The bill states that any individual 18 years of age and older and who is not barred from owning a firearm under any other state or federal law “shall not be required to possess a valid concealed handgun permit issued by the state of Louisiana [to] carry a concealed handgun in the state.”
The legislation, introduced by GOP state Sen. Jay Morris, also mandates the creation of a 60-minute online concealed handgun safety course to be offered for free to Louisiana residents, though the training would not be required to carry a concealed handgun.

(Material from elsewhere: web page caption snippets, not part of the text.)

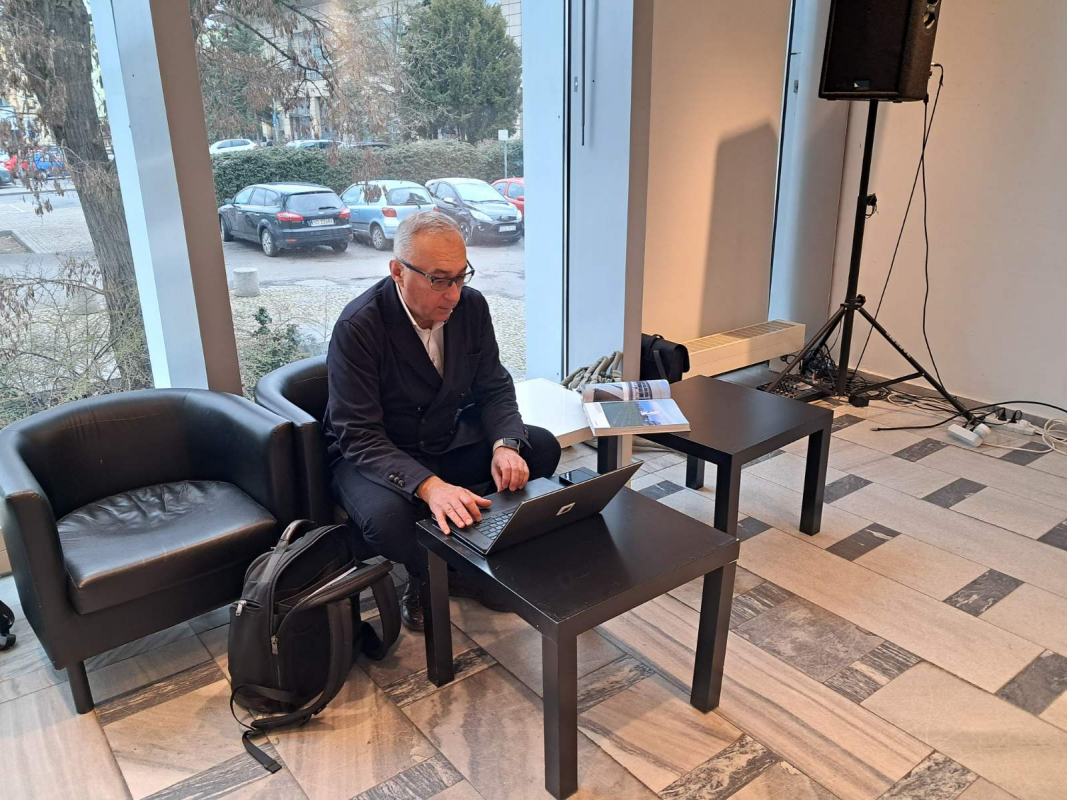 Фото зі стажування в Польщі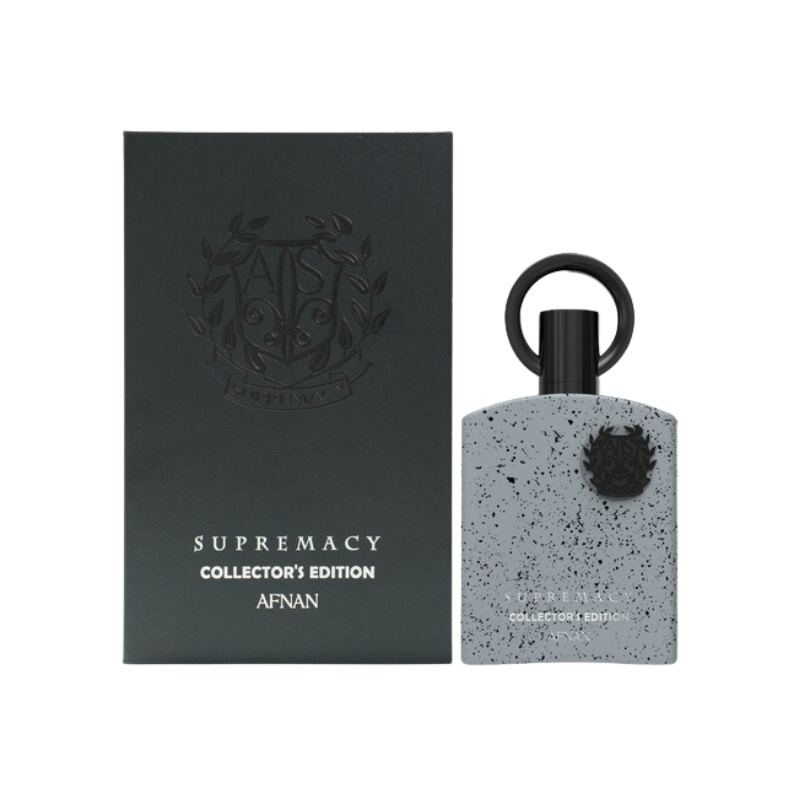 Afnan Supremacy Collector's Edition For Men EDP 100ml (Barcode: 6290171075073)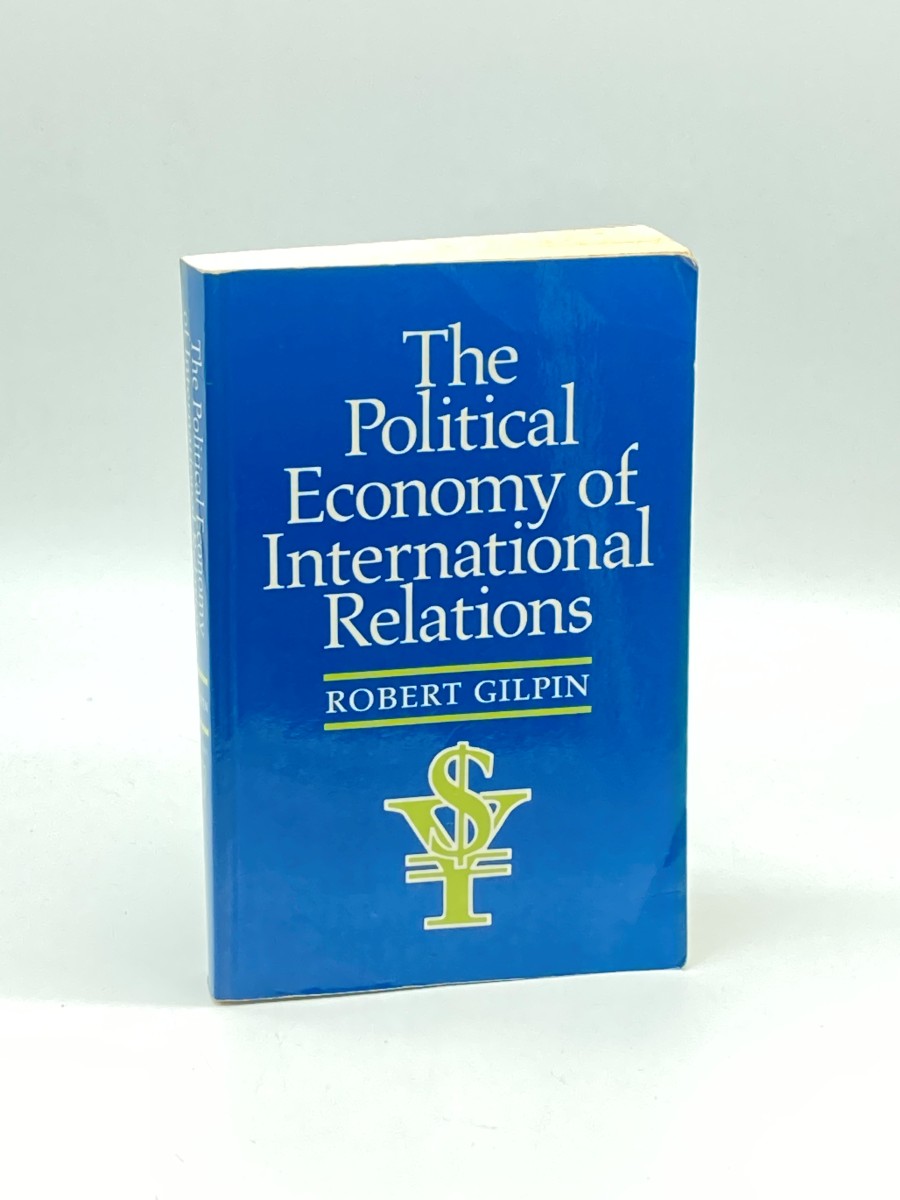 The Political Economy of International Relations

While the bill received strong support by both chambers of the state legislature, Edwards said in a statement announcing his veto of the legislation that while he is “a strong supporter of the Second Amendment, and an enthusiastic outdoorsman and hunter,” he “simply cannot support carrying a concealed carry firearm without proper education and safety training.”
“I believe the majority of Louisianans agree with me,” he added.
“Our current system strikes the right balance of ensuring that people can bear arms while also keeping reasonable permitting and training processes in place,” the Democratic governor continued. “It is a matter of basic public safety and numerous law enforcement leaders across the state opposed the bill for this reason, especially as it relates to the enhanced risk posed to their officers.”
Edwards went on to say that “it is not too much to ask that a person who wishes to carry a concealed weapon in public be required to attend basic marksmanship and safety training so they understand the regulations associated with such an action.”
The veto from Edwards, the only Democratic governor in the Deep South, comes as states like Texas and Mississippi have been able to implement expanded concealed carry laws with the support of Republican governors.
Morris said in a statement to USA Today Network on Friday that he was not surprised by the veto from Edwards, adding “the governor has been clear all along.”
"But I’m still disappointed,” he added. “This bill is for law-abiding and freedom-loving citizens.
"The people of Louisiana want it and hopefully we will join our neighbors, like Texas and Mississippi, and pass constitutional carry with or without the Governor’s signature,” the Republican state lawmaker said.
Louisiana Republican House Speaker Clay Schexnayder said this week that he would support holding a veto override session after Edwards also vetoed a bill seeking to prohibit transgender girls and women from participating in sports that align with their gender identity.